[Web-SIG] WSGI 2

Wed Aug 12 00:14:03 CEST 2009

Using bytes for all `environ` values is easy to understand on the
application side as long as you are aware of the encoding problem. The
cost is inconvenience, but that's probably OK. It's also simpler to
implement on the gateway/server side.

By choosing bytes, WSGI passes the encoding problem to the application,
which is good. Let's the application deal with that. It's more likely to
know what it needs, and what problem it can ignore. I think that 99% of
the time, applications will just decode bytes to string using UTF-8,
ignoring invalid values.

However it's likely that we'll see middlewares converting ALL
environment values to UTF-8, because it's more convienient than using
bytes. And some middlewares might depend on `environ` values being
string instead of bytes, because it's convenient too.

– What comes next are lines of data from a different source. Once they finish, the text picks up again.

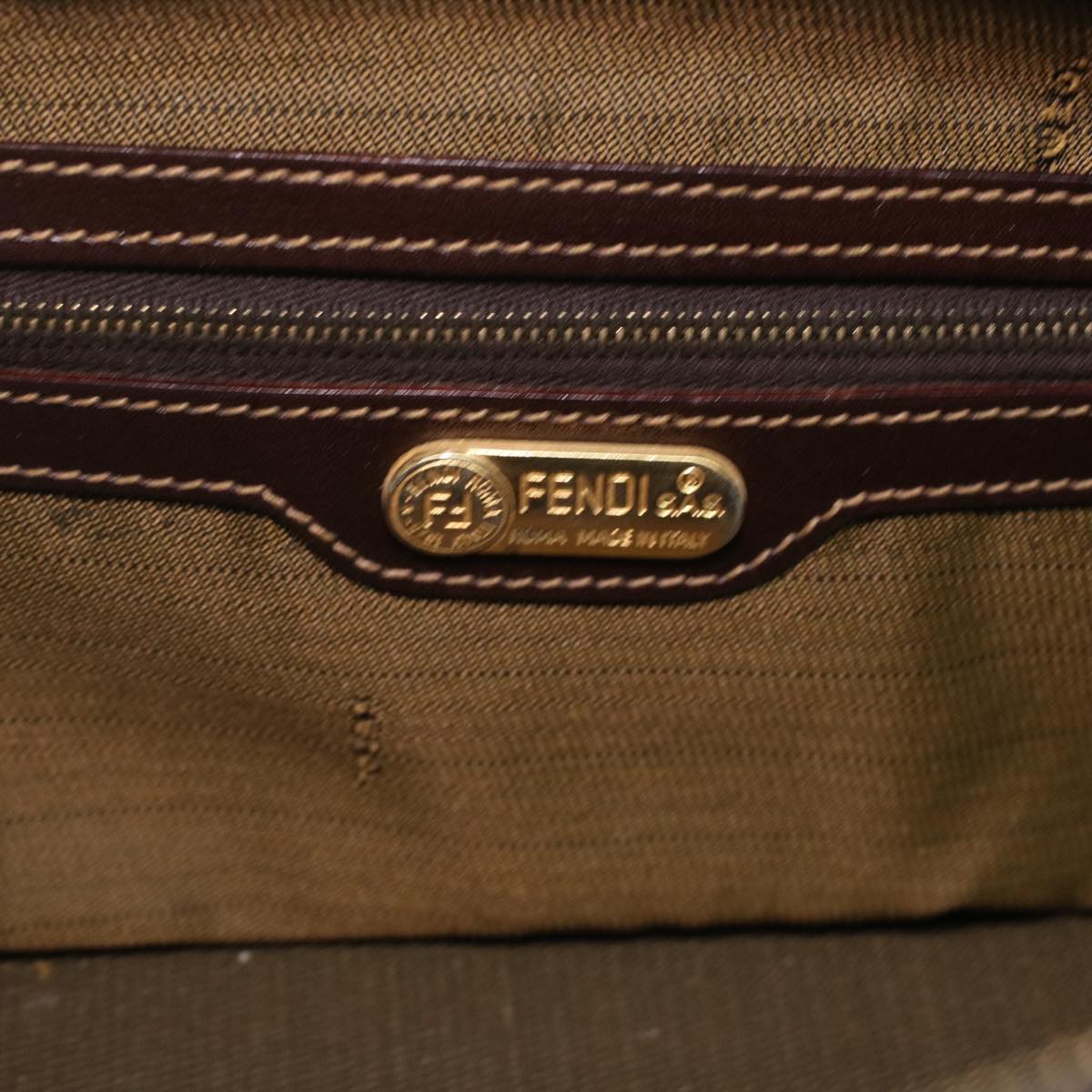 FENDI Zucca Canvas Hand Bag 2way Brown Black am3888A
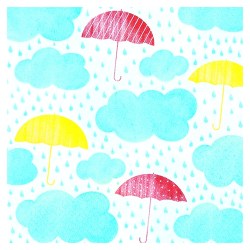  Χαρτοπετσέτα για Decoupage Keep Smiling με πολύχρωμες ομπρέλες σε λευκό φόντο.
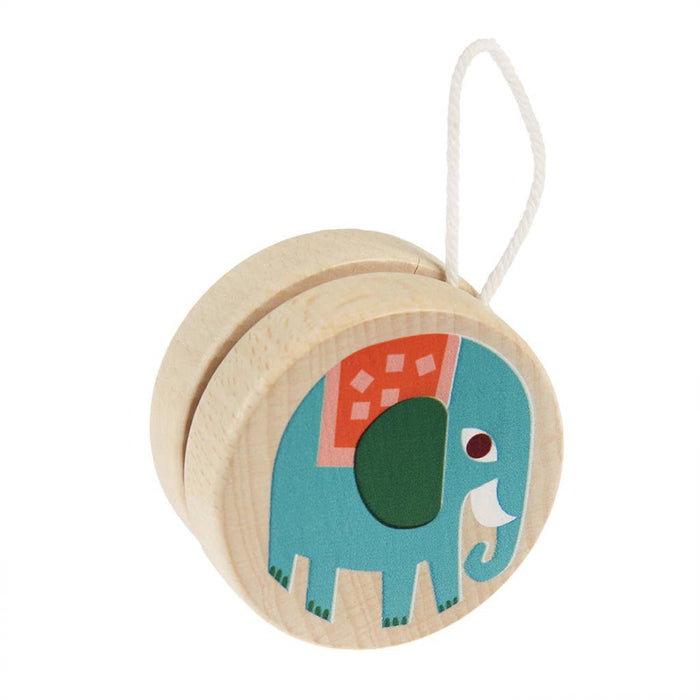 Wooden yo-yo with an elephant design on a white background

This issue was already raised by Graham. And I think it's important to
make it clear. I believe that 'server/CGI' values in the environment
shouldn't be modified--Of course it should still be possible to add new
values. This way the stack will always remain in a 'sane' state.

For example if a middleware wants to convert environ values to UTF-8, it
shouldn't do that:

>   for key, value in environ.items():
>       environ[key] = str(value)

But something like this--assuming there's only bytes in `environ`:

>   environ['unicode.environ'] = dict((key, str(value, encoding='utf8'))
>                                     for key, value in environ.items())

I'm in favor of using bytes everywhere. But it's important to document
why bytes are used and how to use them. I'm not sure this should be
included in a PEP, maybe a "WSGI best practices"?

Cheers,

-- 
  Henry Prêcheur